TASK BRIEF:
For each record below, give an exact transcription.

Short text fragments from websites:

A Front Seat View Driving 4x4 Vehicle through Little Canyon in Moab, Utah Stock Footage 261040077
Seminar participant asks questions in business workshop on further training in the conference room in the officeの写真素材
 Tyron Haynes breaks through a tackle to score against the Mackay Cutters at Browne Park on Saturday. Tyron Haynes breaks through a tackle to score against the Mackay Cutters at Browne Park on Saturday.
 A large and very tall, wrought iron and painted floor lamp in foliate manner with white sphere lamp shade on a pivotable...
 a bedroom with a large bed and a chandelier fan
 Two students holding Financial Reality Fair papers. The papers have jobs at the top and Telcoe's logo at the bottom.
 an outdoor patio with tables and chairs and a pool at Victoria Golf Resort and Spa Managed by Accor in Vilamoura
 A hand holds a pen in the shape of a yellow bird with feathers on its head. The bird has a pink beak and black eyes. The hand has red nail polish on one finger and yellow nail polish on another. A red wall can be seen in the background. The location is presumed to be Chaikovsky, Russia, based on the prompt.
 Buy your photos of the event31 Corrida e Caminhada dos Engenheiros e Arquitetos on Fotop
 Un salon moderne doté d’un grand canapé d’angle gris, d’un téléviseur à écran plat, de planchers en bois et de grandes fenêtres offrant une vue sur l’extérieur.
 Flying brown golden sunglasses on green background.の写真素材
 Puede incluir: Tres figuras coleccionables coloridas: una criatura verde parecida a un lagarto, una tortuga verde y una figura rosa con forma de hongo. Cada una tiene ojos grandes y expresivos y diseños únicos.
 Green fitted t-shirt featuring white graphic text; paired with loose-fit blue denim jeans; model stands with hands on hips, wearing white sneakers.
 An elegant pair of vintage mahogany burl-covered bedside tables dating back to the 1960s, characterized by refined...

EXERCISE RESULT:
A Front Seat View Driving 4x4 Vehicle through Little Canyon in Moab, Utah Stock Footage 261040077
Seminar participant asks questions in business workshop on further training in the conference room in the officeの写真素材
 Tyron Haynes breaks through a tackle to score against the Mackay Cutters at Browne Park on Saturday. Tyron Haynes breaks through a tackle to score against the Mackay Cutters at Browne Park on Saturday.
 A large and very tall, wrought iron and painted floor lamp in foliate manner with white sphere lamp shade on a pivotable...
 a bedroom with a large bed and a chandelier fan
 Two students holding Financial Reality Fair papers. The papers have jobs at the top and Telcoe's logo at the bottom.
 an outdoor patio with tables and chairs and a pool at Victoria Golf Resort and Spa Managed by Accor in Vilamoura
 A hand holds a pen in the shape of a yellow bird with feathers on its head. The bird has a pink beak and black eyes. The hand has red nail polish on one finger and yellow nail polish on another. A red wall can be seen in the background. The location is presumed to be Chaikovsky, Russia, based on the prompt.
 Buy your photos of the event31 Corrida e Caminhada dos Engenheiros e Arquitetos on Fotop
 Un salon moderne doté d’un grand canapé d’angle gris, d’un téléviseur à écran plat, de planchers en bois et de grandes fenêtres offrant une vue sur l’extérieur.
 Flying brown golden sunglasses on green background.の写真素材
 Puede incluir: Tres figuras coleccionables coloridas: una criatura verde parecida a un lagarto, una tortuga verde y una figura rosa con forma de hongo. Cada una tiene ojos grandes y expresivos y diseños únicos.
 Green fitted t-shirt featuring white graphic text; paired with loose-fit blue denim jeans; model stands with hands on hips, wearing white sneakers.
 An elegant pair of vintage mahogany burl-covered bedside tables dating back to the 1960s, characterized by refined...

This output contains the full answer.